Before you think I am going all “math” on you dear reader, please let me explain some simple business algebra.
Addition by subtraction as it applies in the workforce is when an employee is either terminated or resigns and the net result is a benefit. You get it?
Sometimes management or owners of businesses hold on to employees too long for various reasons. And when they do, employers also tend to hold on to the headaches associated with certain employees.
Recognizing this as a manager or owner, we must constantly access the productivity of our staff and decide whether or not this employee adds to the sum of our operation’s success, in more than just quantifiable numbers. How about the operation’s collective “mental health”?
As a healthcare recruiter, it is very common for me to receive a call on a Friday from a client, that a key employee has resigned and I am then given a job order to fill. I often counsel my clients to first take a deep breath and assess how their operation will be affected. Is there a sense of relief?
Does the concept of “addition by subtraction” apply? Is the operation better off without this employee? What baggage did this person bring to the operation?
I can tell you from my personal experience when addition by subtraction has benefited my own operation. When an executive recruiter decides to resign or if I have to terminate, there is a period of time right after that in which I feel a certain “weight” has been lifted off my shoulders.
Why? I no longer have to deal with that person’s “other” issues. Other issues can include things that have nothing to do with their skills. For example: attitude, punctuality, “calling in sick”, war stories of past successes, complaints, requests, etc.

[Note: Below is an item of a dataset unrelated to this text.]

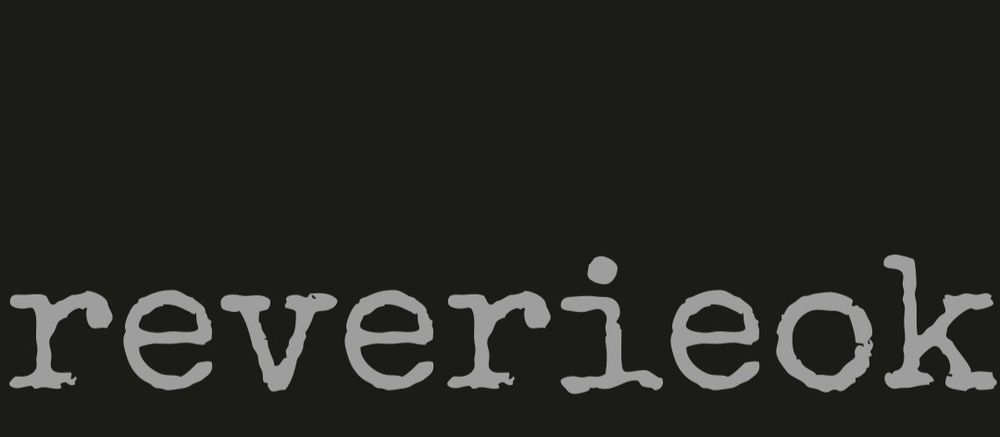 reverieok OnlyFans profile picture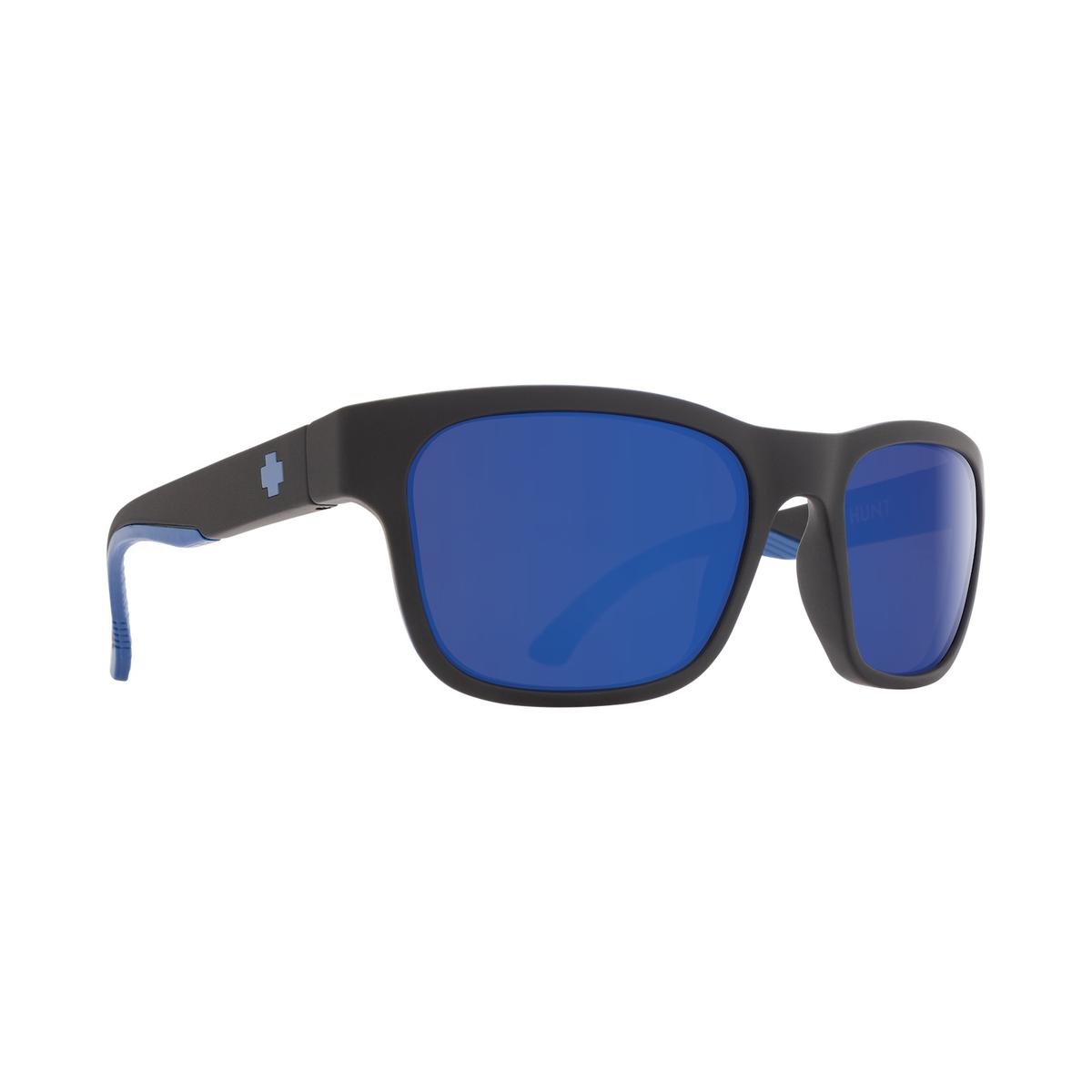 Spy Optic Hunt Men's Sunglasses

When an employer or owner hires someone, not only do they hire the employee to do the job, but they hire all of the employee’s problems and idiosyncrasies. We learn to live with these issues if an employee’s value exceeds the cost of not just their paycheck but their personal “baggage” if you will.
In the past several years, I have held on to certain staff members because I gave them the benefit of the doubt with regard to personal issues because they for the most part were performing the tasks required.
It wasn’t until after they were gone from my operation that I realized how much I gained by subtracting employees with heavy and emotional baggage. The turmoil was gone.
Of course it was time to hire new employees, but the relief of subtracting a negative employee added exponentially to my operation. Now that is math plain and simple.